<<<<

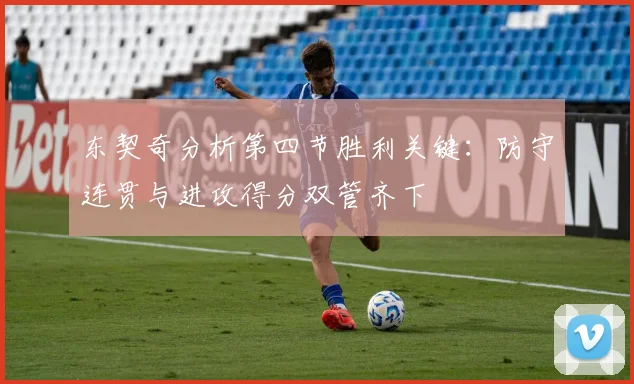 东契奇分析第四节胜利关键：防守连贯与进攻得分双管齐下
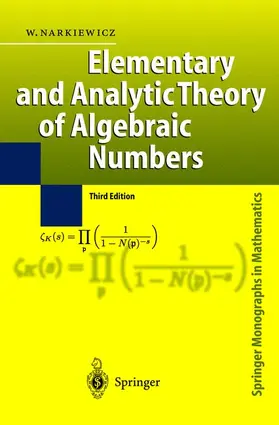 Narkiewicz |  Elementary and Analytic Theory of Algebraic Numbers | Buch |  Sack Fachmedien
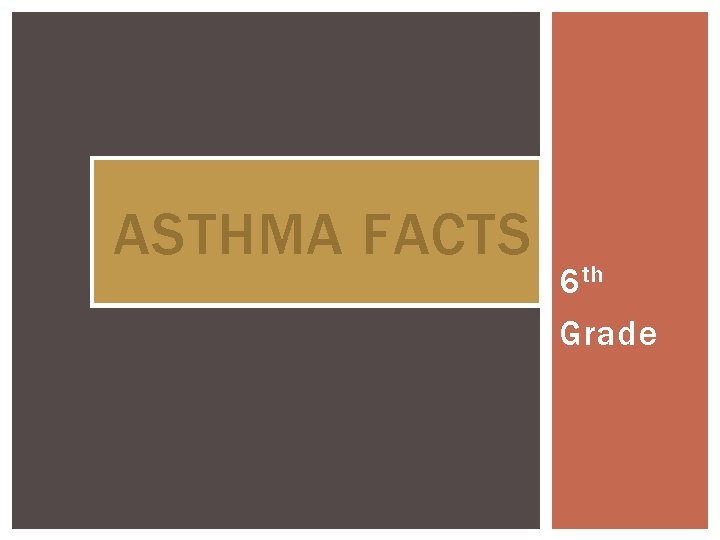 ASTHMA FACTS 6 th Grade 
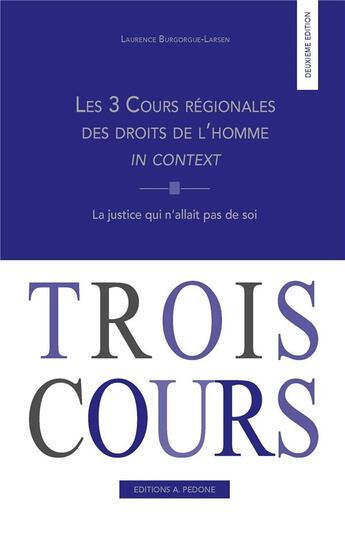 Couverture du livre « Les 3 cours régionales des droits de l'homme in context : la justice qui n'allaient pas de soi » de Laurence Burgorgue-Larsen aux éditions Pedone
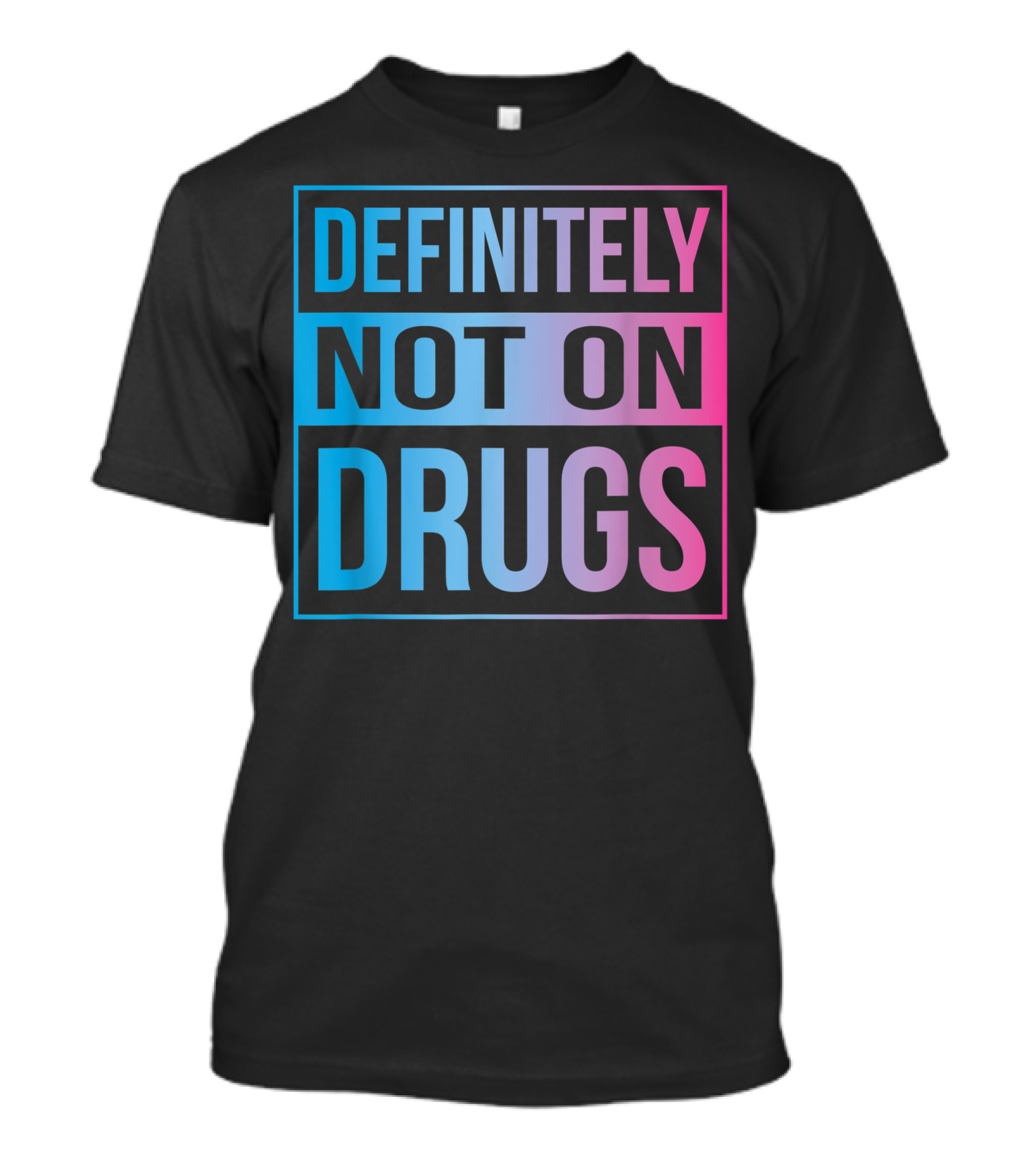 Definitely Not On Drugs Trippy Not On Drugs Rave EDM Dance T-Shirt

>>>>

Problem to solve
Leaving every picture out, output the data exactly as it stands.

Task result
 东契奇分析第四节胜利关键：防守连贯与进攻得分双管齐下
 Narkiewicz |  Elementary and Analytic Theory of Algebraic Numbers | Buch |  Sack Fachmedien
 ASTHMA FACTS 6 th Grade 
 Couverture du livre « Les 3 cours régionales des droits de l'homme in context : la justice qui n'allaient pas de soi » de Laurence Burgorgue-Larsen aux éditions Pedone
 Definitely Not On Drugs Trippy Not On Drugs Rave EDM Dance T-Shirt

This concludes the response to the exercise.